All of the data, word for word and free of pictures, is the expected result.
PROVIDED MATERIAL below:
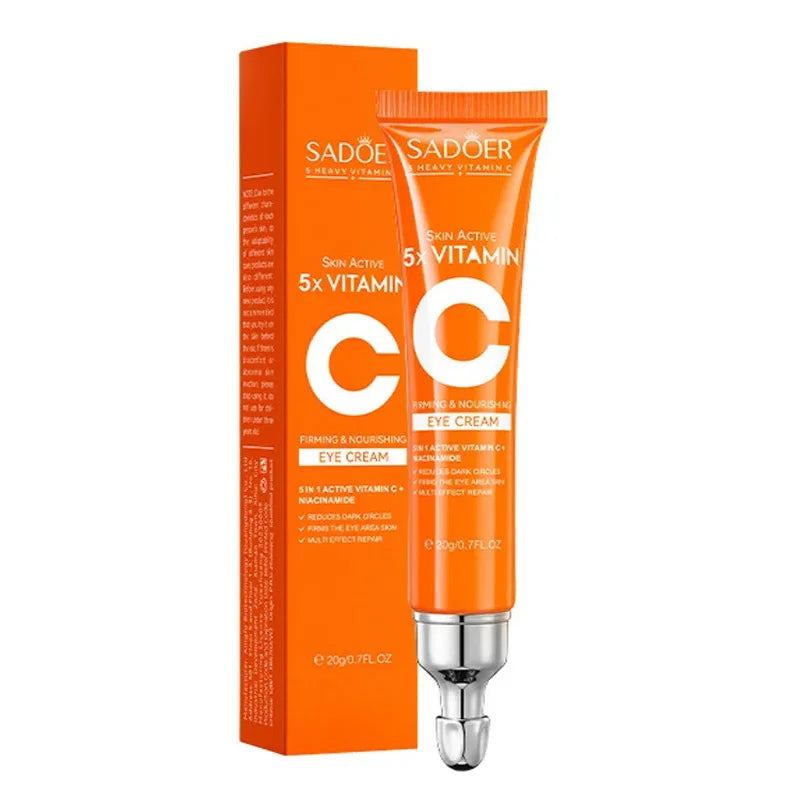 Orange eye cream tube and packaging with 'Sadoér' branding on a white background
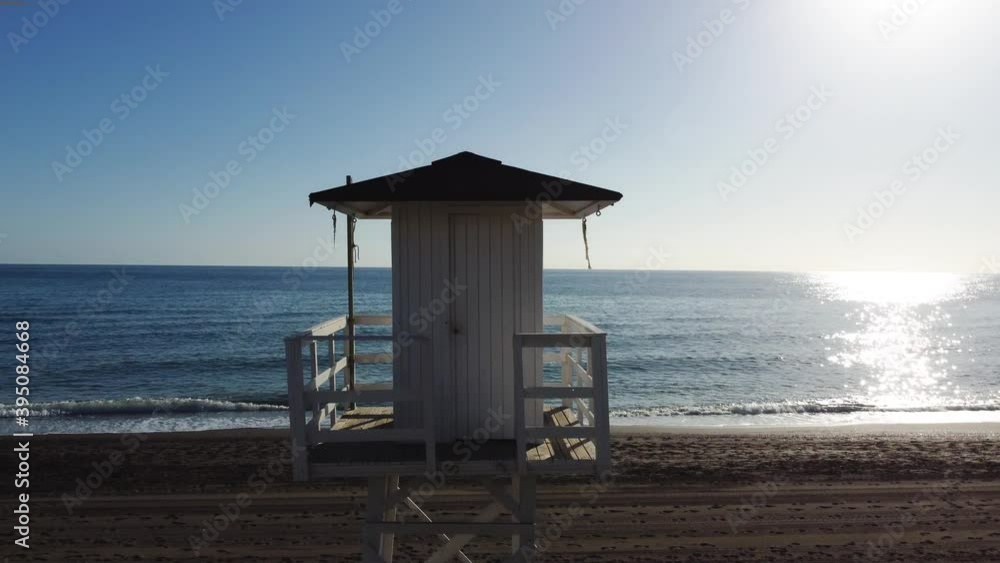 Mediterranean beach. A relaxing outdoors view of the shore with vintage and lonely lifeguard wooden tower in the sunset hour. Mediterranean beach. A relaxing outdoors view of the shore with vintage and lonely lifeguard wooden tower in the sunset hour.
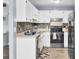 Kitchen with white cabinets, stainless appliances, modern tile backsplash, and laminate counters and flooring at 7940 Parklane Ct # F, North Charleston, SC 29418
End of PROVIDED MATERIAL.
**ANSWER FOR THIS EXERCISE**:
 Orange eye cream tube and packaging with 'Sadoér' branding on a white background
 Mediterranean beach. A relaxing outdoors view of the shore with vintage and lonely lifeguard wooden tower in the sunset hour. Mediterranean beach. A relaxing outdoors view of the shore with vintage and lonely lifeguard wooden tower in the sunset hour.
 Kitchen with white cabinets, stainless appliances, modern tile backsplash, and laminate counters and flooring at 7940 Parklane Ct # F, North Charleston, SC 29418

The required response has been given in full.